第12話 今は道化でも

 屋敷の中は朝から騒がしかった。使用人たちが右へ左へと走り回っているのだ。今日、急遽行われることになった領主就任の儀式の準備のためだ。

 トゥーレは、屋敷の敷地内にある礼拝堂にて、多くの立ち合い人のもと宣誓の祝詞を上げるのだ。そして、酒や穀類といった捧げものをし、領主の証である金印を受け取るのだ。その印の側面には歴代の領主の名が刻まれており、トゥーレの名も後日刻まれることになるだろう。

 この儀式において一番準備が必要なのは、長大な祝詞を暗唱しなければならないトゥーレ本人であるはずなのだが、そんなことはお構いなしに浮かれた第一夫人は自分や他の子どもらのおめかしや、招待客のもてなしの準備のためにやかましく指示を飛ばしているのだ。


 トゥーレは慌ただしい屋敷の様子にため息をつきつつ、手早く朝食を済ませる。落ち着いて食事などできる空気ではなかった。

 そしてキンキンとした母の声が近づいてくるのに気付くと、飲みかけのお茶をそのままにして立ち上がり、顔を合わさないようにわざと別の扉から出て行くのだった。ただでさえ気分が悪いのに、母の相手をするなんてごめんだった。

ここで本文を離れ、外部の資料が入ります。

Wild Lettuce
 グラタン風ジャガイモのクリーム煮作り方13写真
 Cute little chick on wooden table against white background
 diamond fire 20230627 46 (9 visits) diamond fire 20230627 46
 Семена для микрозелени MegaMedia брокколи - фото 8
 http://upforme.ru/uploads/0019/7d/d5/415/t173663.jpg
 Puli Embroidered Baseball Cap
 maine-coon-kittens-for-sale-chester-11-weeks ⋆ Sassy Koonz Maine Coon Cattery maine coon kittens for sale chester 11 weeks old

 いつも本人の意思を確認しようともせず、貴方のためよと言って押し付けてくる母親のことを、トゥーレは苦々しく思っている。得てして母の「貴方のため」はトゥーレの意思に反するし、むしろ「母のため」ではないのかと思うのだ。


 今日の領主就任の儀式にしてもそうだ。母の意志が全てを決定している、そう思うのだ。

 昨日キルシの館から戻くると、何やら家令が忙しそうにしていた。何事かと問えば、領主就任の日取りが決まったという。寝耳に水の話である。本人であるトゥーレには全く報告は無く、問わなければ危うく何も知らされないまま、儀式に臨むことになりかねない有り様だった。

 家令は故意に伝えなかったのではないが、意識して伝えようともしていなかったのだ。申し訳ありませんでしたと頭を下げはしたが、彼にとって屋敷の主人は母であり、トゥーレはまだお飾りのあやつり人形なのだ。いや屋敷の中だけでなく、領民のトゥーレを見る目もきっと家令と似たようなものだろう。


 だからこそトゥーレは、強い領主にならねばならないと思っている。昨日熱弁を振るったのもそのためだ。人形のままではいけないのだ。

 トゥーレが領主の座を望むのは、権力を得るためだ。力が無ければ、どれだけ熱心に叫ぼうが何も変えることはできはしないからだ。

 異国に留学した際の衝撃がトゥーレは忘れられないでいる。先進的な学問を誰もが学べ、自由に発言できる気風に満ち、そして君主は民意を吸い上げて国を治めていた。その光景に魅了されてしまったのだ。力を持つ者の都合や感情に振り回されるのはいつも立場の弱い者だ。それを変えたいのだ。

 一朝一夕で成ることではない。しかし、自分がその第一歩を踏み出さなければならないと思っている。

 それが若いトゥーレの野心だった。




 食堂を後にしたトゥーレは、ある女中を探していた。

 昨日、占いの為に召し出されてた呪術師の娘とすれ違った。その呪術師の娘を連れて来た女中を探しているのだ。

 彼女に、昨日自分のいない間に何があったのか聞きたかったのだ。占いは果たして信じるに値するのか確かめるためだ。

 祭りや儀式の日取りを決めるのに、占いを使うのはよくあることだ。しかし、占いで翌日とでたからと言って、そのまま強行することもあるまいにと思うのだ。母が都合の良いように解釈しているだけではないかとさえ思う。嵐が終わり、父の葬儀を済ませてからでも十分なのだから。

 トゥーレは屋敷の裏方を歩き回り、洗濯場でその女中が一人で仕事をしているのを見つけると、迷うことなく声をかけた。お前も占うところを見ていたのかと。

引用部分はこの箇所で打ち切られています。